After reflection....

I'm sorry I didn't catch Brian's (OP) stories back in '06.  I would have sent him a note encouraging more.  (For those interested, Brian has one other post, another great camping story.)

Both of Brian's posts are pure gold to me, for a variety of reasons.  Primarily, he makes a great point:  scouting isn't always a neat, picture-perfect experience.  Lots of errors.  Grime.  Half cooked meals.  Half baked leaders.  Eccentric personalities.  Etc.  Rarely does it match the Norman Rockwell paintings I respect so much.

Many of us stayed in scouting in spite of it.  As OldScout mentioned, change the names and locations, and Brian's experiences still ring true (for me, it was '74 onward). 

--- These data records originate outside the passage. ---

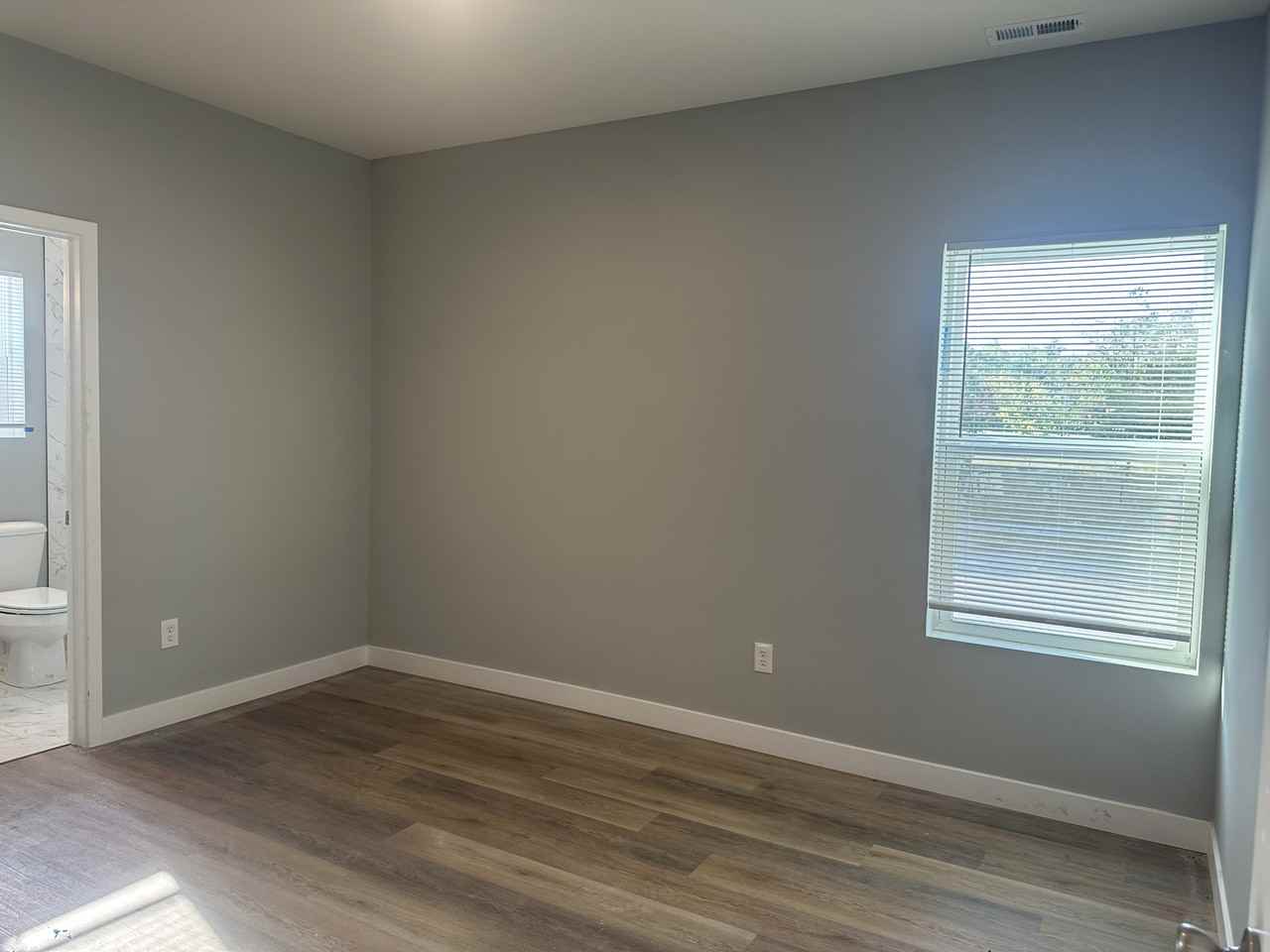 1137 W 21st St #1137 - Photo 2 of 10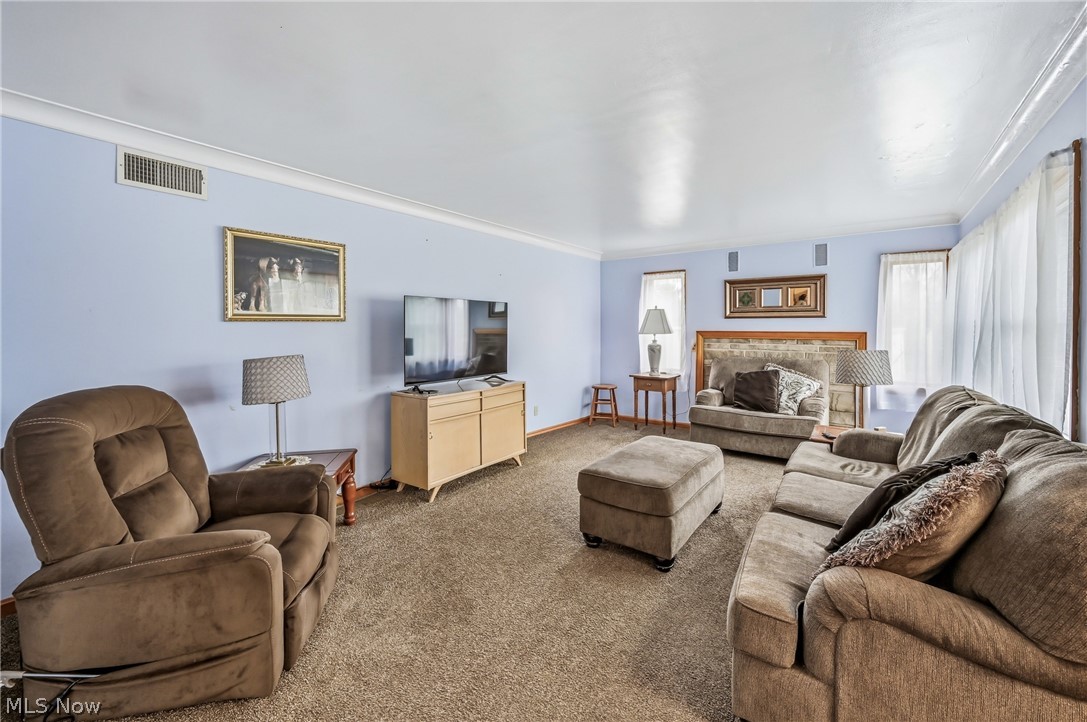 712 Champion Avenue E Warren OH 44483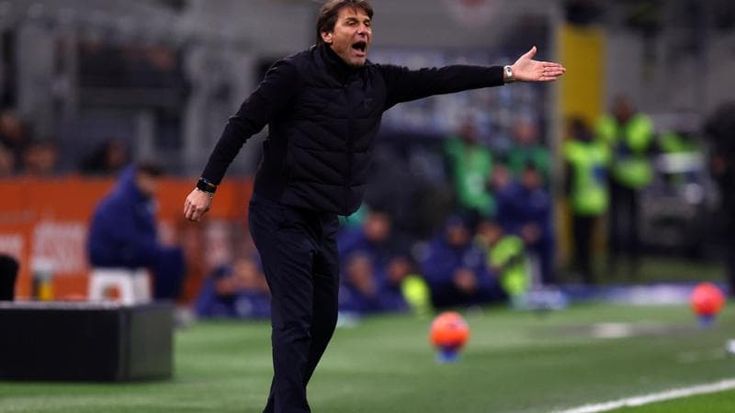 Conte saluta il Napoli, De Laurentiis al bivio: offerti 2 miliardi, dagli Usa “trattativa avanzata”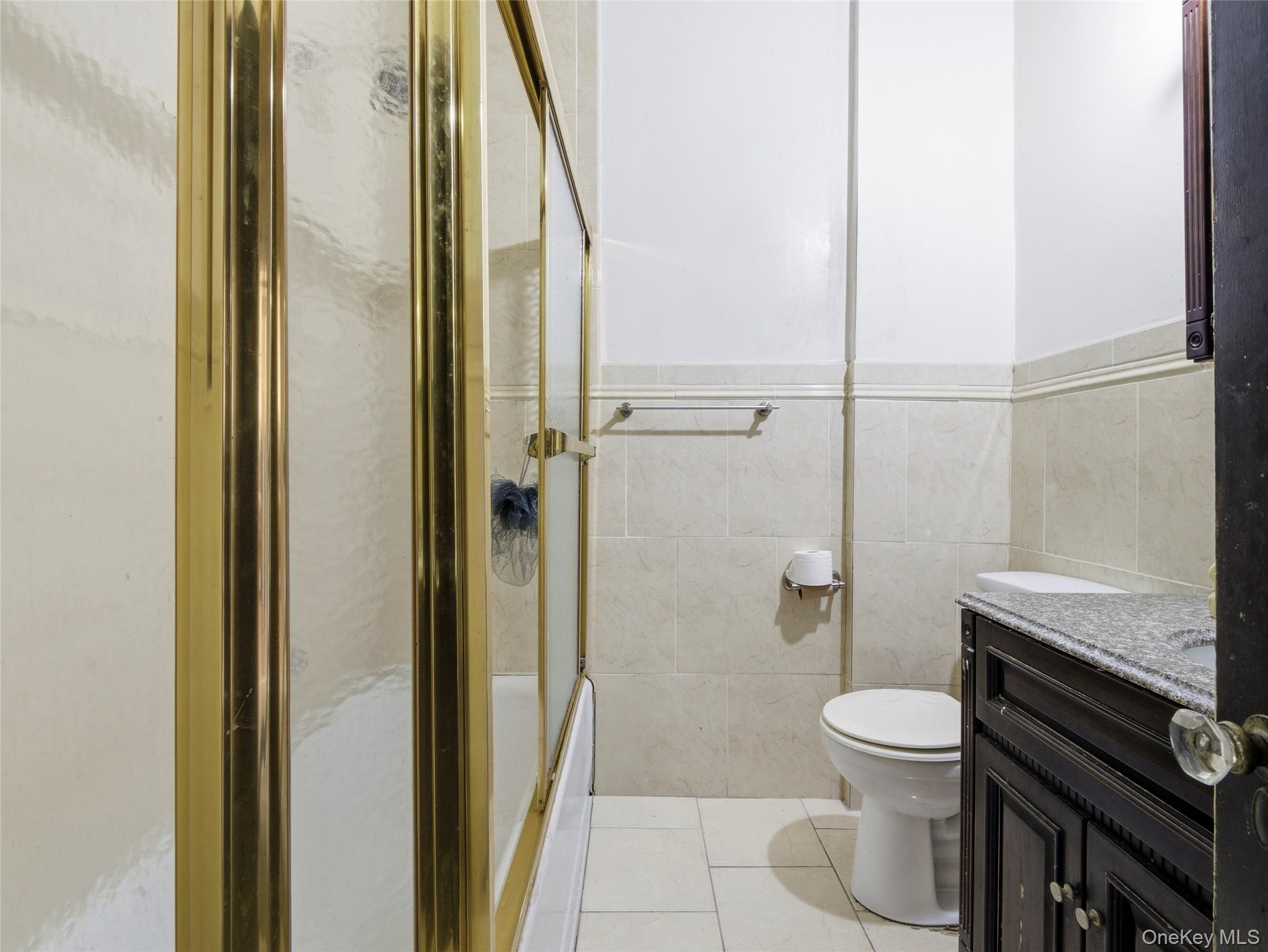 372 Parkside Avenue – For Sale photo 16
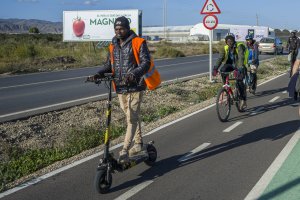 Trabajadores del campo almeriense regresando de los invernaderos.
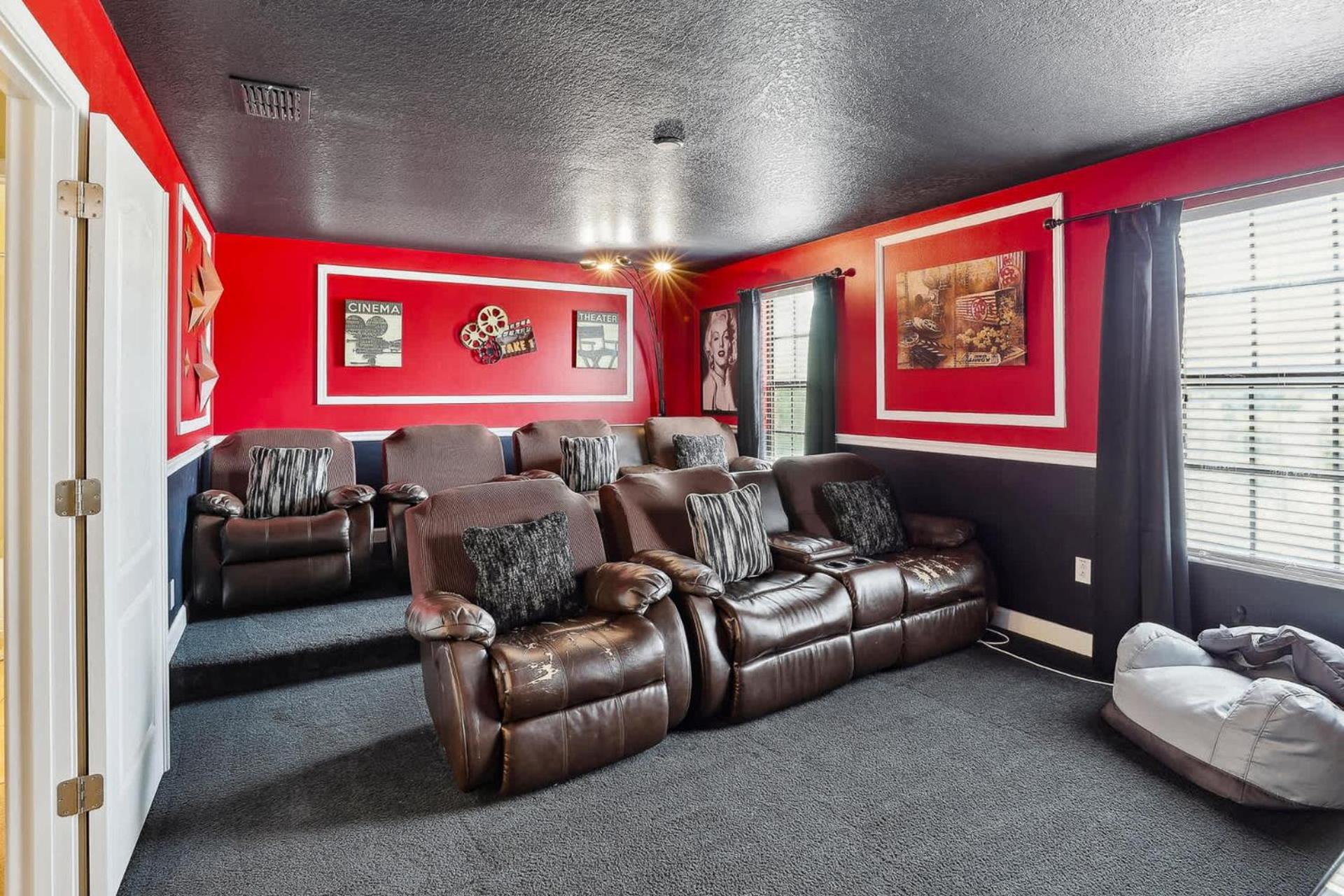 Upstay Family Home w Pool & Cinema ChampionsGate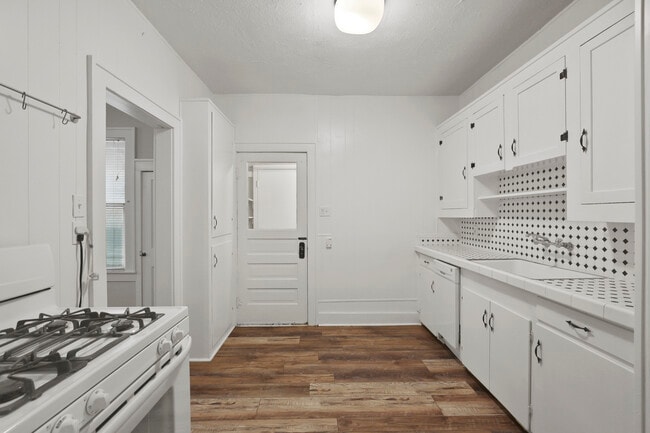 Photo - 5930 Velasco Ave House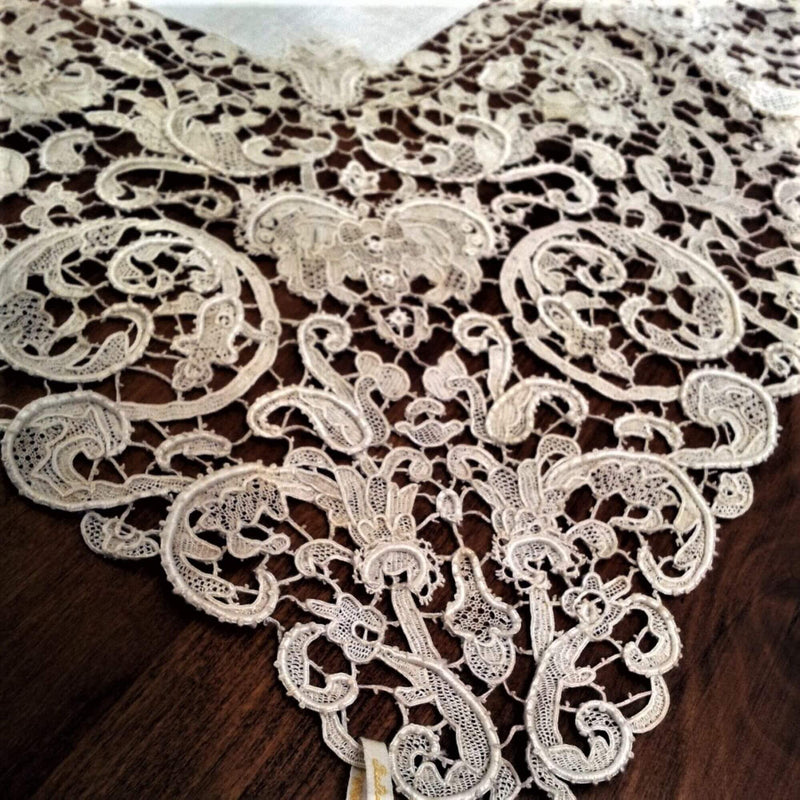 DOILIES BURANO LACE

Even when things aren't going right, scouts still get something out of the program--if they stick with it.  And I'm not speaking of rank or resume filling type events.  Those who endure the challenges learn a variety of lessons that will pay dividends for a lifetime.

I've got several camporee, freezeree, and summer camp patches that still make me smile.  Not because they were well organized, positive experiences.  Definitely not because I was such an outstanding scout.  Quite the contrary!  I value what they symbolize.  What I experienced.  And learned.

A toast to Mr. Brian Maher!  With my deepest respect.